Sul piano nazionale in assoluto trionfa il M5S, anche se di trionfo non si può davvero parlarle, ma il dato che emerge è, in continuità con altri Paesi dell’UE in crisi, l’avanzata della destra e del populismo.
Nelle diverse regioni, la situazione rispecchia più o meno la stessa situazione.
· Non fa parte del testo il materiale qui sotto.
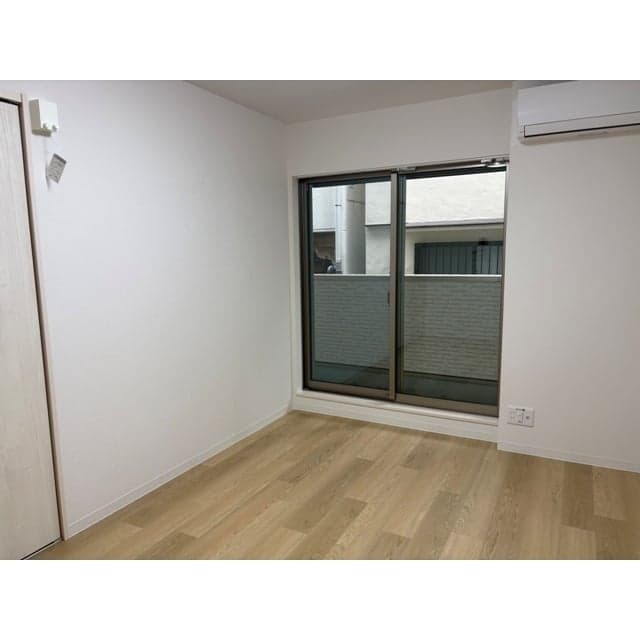 物件P009403の写真1 — 1K
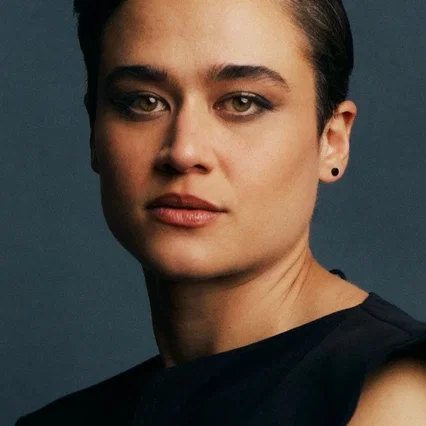  Katy O'Brian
In Emilia Romagna ad esprimersi è stato il 78,2% degli aventi diritto, contro l’82% di 5 anni fa, confermando il trend dell’astensionismo di questi anni. Un inversione di rotta “storica” della regione rossa, che mostra la crisi definitiva del PD, in continuità con il “devastante” risultato nazionale. Un 11% in meno, in regione, che pesa come un macigno non solo sui vari leader PD nostrani, ma anche sui cugini di LEU, che hanno tentato infelicemente la “rivolta” ma che si fermano intorno al 4.5%, anche se tra gli eletti sono riusciti a rientrare sia Bersani che Errani. Una tendenza che alle scorse ammnistrative aveva già portato il PD a considerare la necessità di “tornare sul territorio” (cosa citata pure da Renzi in occasione delle sue dimissioni), evidentemente senza successo.
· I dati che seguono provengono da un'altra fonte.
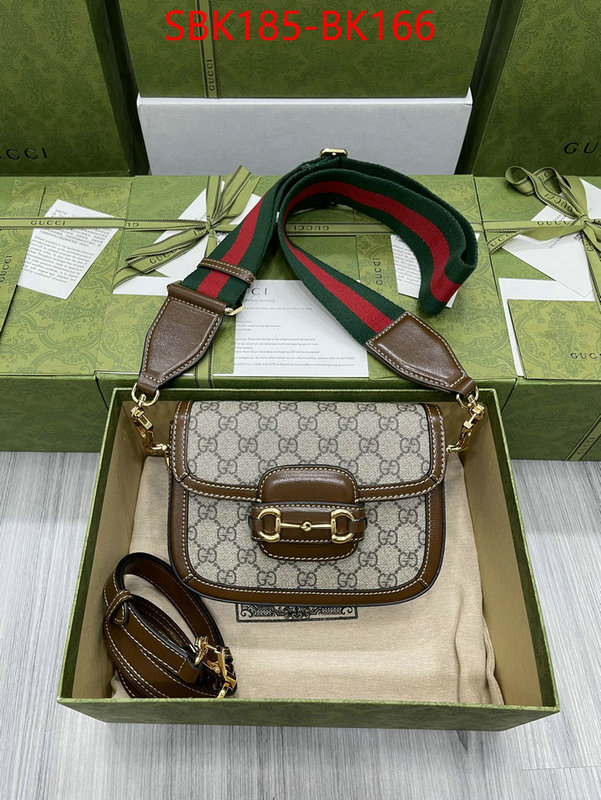 Gucci Bags Promotion-,ID: BK166,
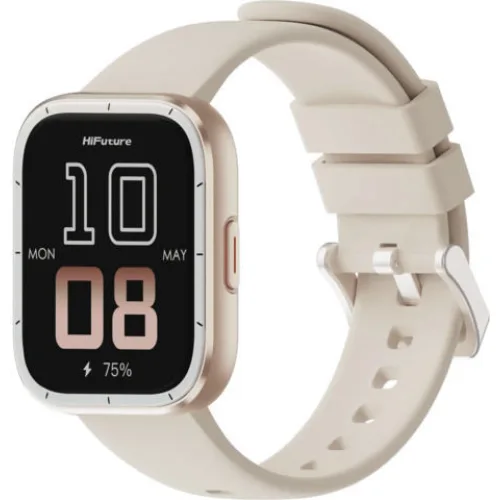 HiFuture Zone 3 Rose Gold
La proposta di Potere al Popolo conquista le periferie, e anche se nel dato complessivo cittadino e regionale pesa tra 1 e il 2%, nei quartieri periferici, come la Bolognina, dove la campagna elettorale ha insistito con la ragione e con la forza di molti militanti, raggiunge il 4.2%. Un risultato importante per un movimento nato poco piu di 3 mesi fa. “Un risultato su cui riflettere” scrive in un post Eurostop in merito al risultato “da analizzare con attenzione, ma già da queste prime occhiate ribadisce quello che abbiamo sempre detto sin dall’inizio: la lotta paga. L’organizzazione popolare e la forte operazione verità sugli effetti nefasti delle politiche di austerity che l’UE ha imposto ai territori e alle periferie metropolitane ha ripagato e conquistato il cuore e la mente di molti e molte che ci hanno dato fiducia. Da qui siamo partiti, e da qui ripartiamo oggi. Nelle periferie ogni giorno, verso l’assemblea nazionale di Potere al Popolo del 18 marzo.”
Il primo partito in Emilia Romagna è, come sul piano nazionale, il M5S con il 27,5%, seguito da PD (26.3%) e dalla Lega (19%) alla camera, mentre al senato M5S e PD sono a parimerito. Nel complesso la coalizione di centro destra batte di 3 punti percentuale la coalizione del centro sinistra (33 vs 30%), grazie soprattutto ai voti andati a Salvini a Piacenza (27%) e Ferrara (24%), segnando un ulteriore passaggio storico in una regione come l’Emilia Romagna!
Nessun vero vincitore quindi, segno della profonda frammentazione sociale, della disillusione nei confronti di quel tipo di politica, e della rabbia popolare vittima del populismo e della destra reazionaria.